A successful leader needs to be, and do many things. When I think back to all the different leaders I’ve had, the best ones have all had one important thing in common: they’ve been authentic.  

The authentic leadership style is not new as such and has been gaining attention for its deep impact on employee engagement for quite some time now, with the concept exploding after Dr Brene’ Brown’s famous TED Talk on ‘The Power of Vulnerability’ a number of moons ago. (If you haven't seen it—it's worth a look)

But what do we mean by authentic leadership?  What does it actually involve?  And how does it influence employees’ engagement and organisations’ success?

What is Authentic Leadership?

Authentic leadership is not just a 21st century buzzword; it's a fundamental shift in the way leaders approach their roles. At its core, authentic leadership emphasises self-awareness, transparency, empathy, and a genuine commitment to fostering an environment of trust and open communication. Authentic leaders lead with their true selves, acknowledging their own strengths and weaknesses, which in turn contributes to creating an atmosphere where employees feel safe to do the same. It is a modern and inclusive way of leading that allows you to show up as your most authentic self and lead from that place.

A catalyst for employee engagement

We know that employee engagement is the heartbeat of any successful organisation. Authentic leadership serves as a catalyst for engagement by establishing a culture where employees feel valued, heard, and understood. When leaders openly share their values, visions, and personal stories, it humanises them, erasing the traditional hierarchical divide.

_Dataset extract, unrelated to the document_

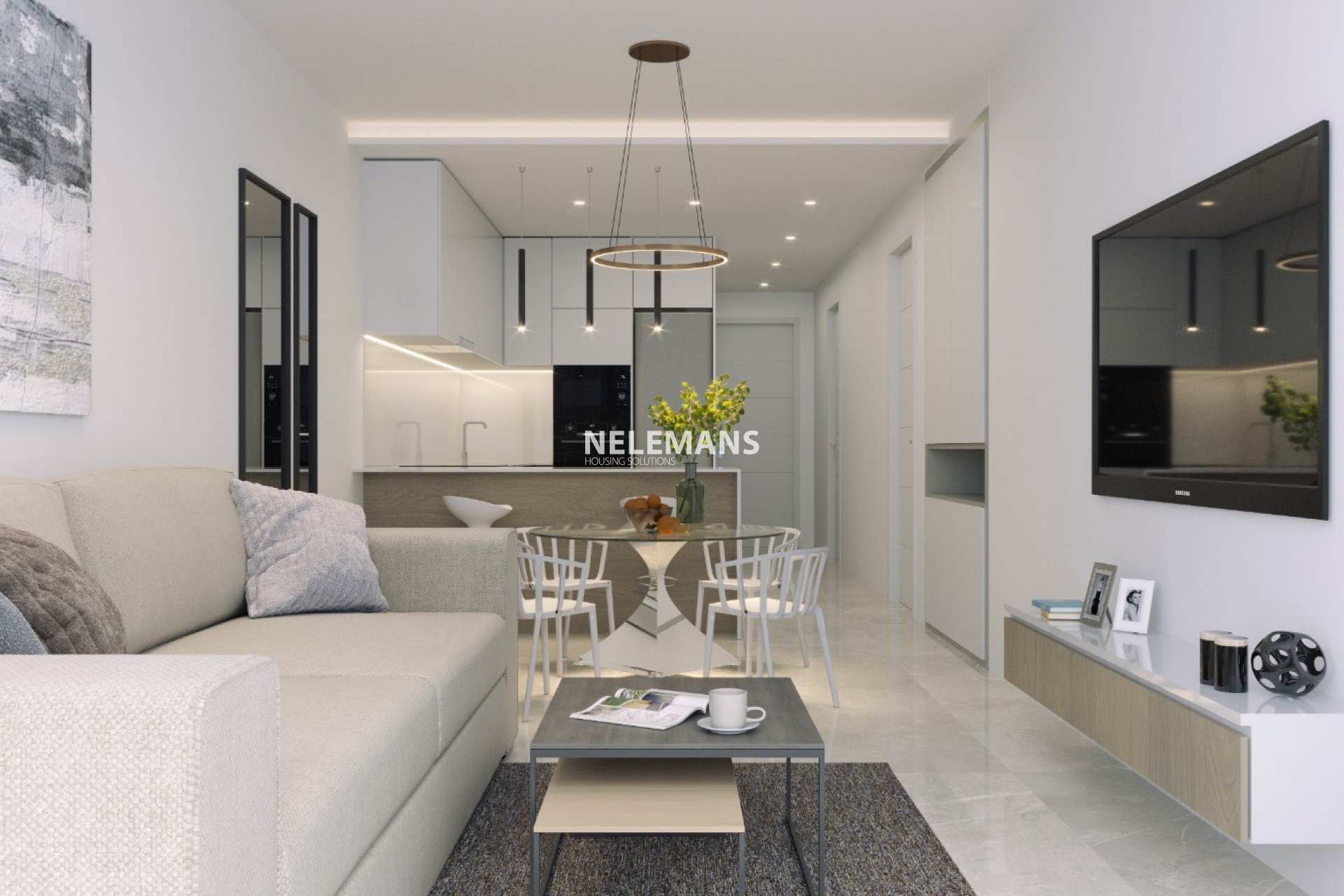 Nueva construcción  - Apartamento - Torrevieja - Torrevieja - Centro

This, in turn, encourages employees to invest emotionally in their work, resulting in higher levels of job satisfaction and dedication. Authentic leaders are approachable, receptive to feedback, and genuinely interested in the growth and development of their team members. They don't just manage; they mentor, guiding employees towards their full potential. This level of investment fosters a sense of belonging and encourages employees to give their best, knowing that their contributions are acknowledged and appreciated.

The domino effect on retention

Considering how tight the labour market is currently in Aotearoa, we know that many employers are focused on how they can retain their talented people. Authentic leadership could play a crucial role in curbing unwanted turnover. As we all know, engaged employees who feel valued and supported are less likely to seek opportunities elsewhere. Generally speaking, authentic leaders are likely to prioritise work-life balance, mental wellbeing, and personal growth. By acknowledging that employees have lives beyond the workplace, they create an environment that respects boundaries, and promotes a healthier integration of work and personal life. This, in turn, reduces burnout and increases retention rates.

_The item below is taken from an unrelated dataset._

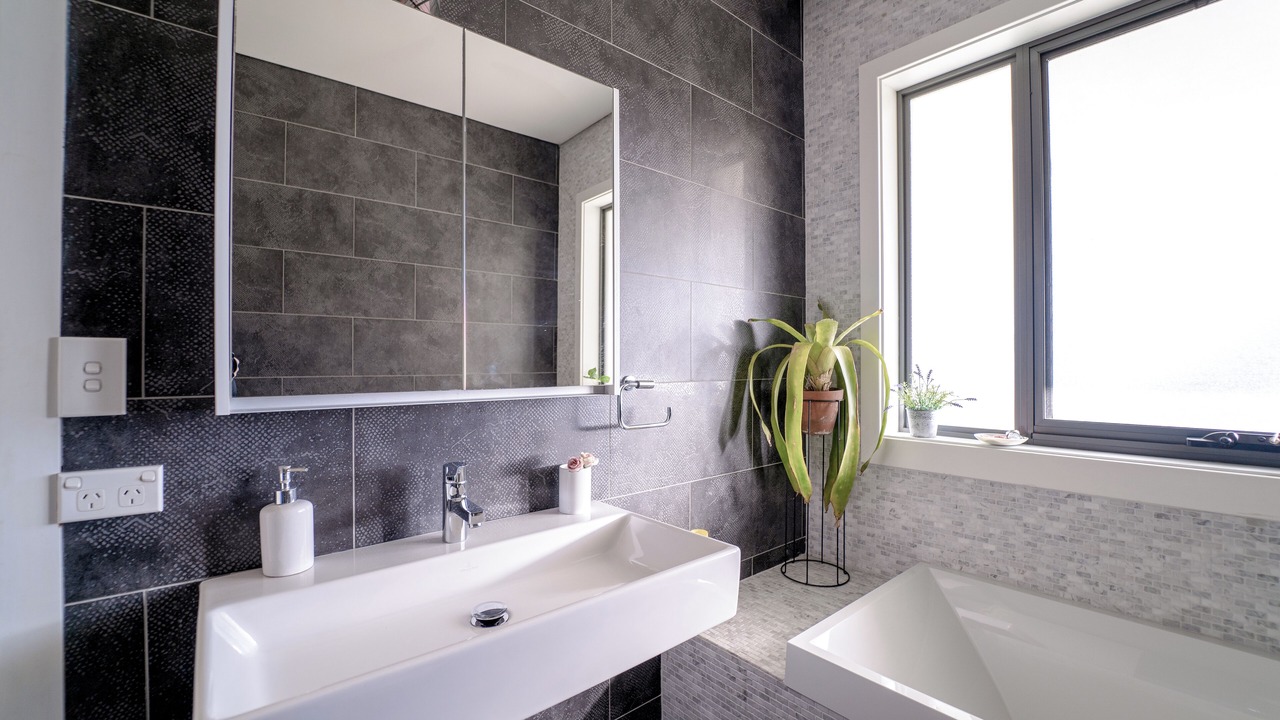 Photo of Bathroom in Mount Hunter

The power of vulnerability

While the benefits of authentic leadership are undeniable in this day and age, it's important to acknowledge that this style of leadership requires a considerable degree of self-awareness, a willingness to grow, and perhaps most importantly, vulnerability. Dr. Brené Brown's defines authenticity as “a collection of choices that we have to make every day. It’s about the choice to show up and be real. The choice to be honest.” Her research highlights just how significant the willingness to be vulnerable with others is to effective leadership. And this is far easier said than done! We often seek vulnerability in others, but it’s generally the last thing we’re willing to show ourselves.

Showing up as your authentic self and exposing both your strengths and weaknesses can be very uncomfortable. An authentic leader I had the privilege to work for had amazing strengths but attention to detail wasn’t one of them. She was very open about this and instead of apologising for it, she owned it and got me or someone else in our team to check her written work before it went out. “It takes courage to grow up and become who you really are!” (E.E Cummings). Authenticity definitely demands courage. It also makes you more relatable and trustworthy. An authentic leader doesn’t feel the need to always be the expert, they ask questions and ask for help, and when things don’t go to plan, they seek feedback, take ownership, and learn from it. Authentic leaders are of course not immune to making mistakes or facing challenges, but their transparency in admitting and learning from these experiences reinforces their credibility.

I think it’s fair to say that the world needs more authentic leaders. Leaders who can be confident in their mission, embracing their strengths AND their weaknesses. Leaders who genuinely work on becoming better versions of themselves, and who by doing this create a culture of openness, trust, and empathy, and empower their people to thrive, resulting in more connected, engaged, inclusive and loyal teams.

Regardless of the position you hold (authenticity is not just for people in leadership roles!), does how you’re showing up reflect who you truly are?  If not, what are some steps you can take to become more authentic?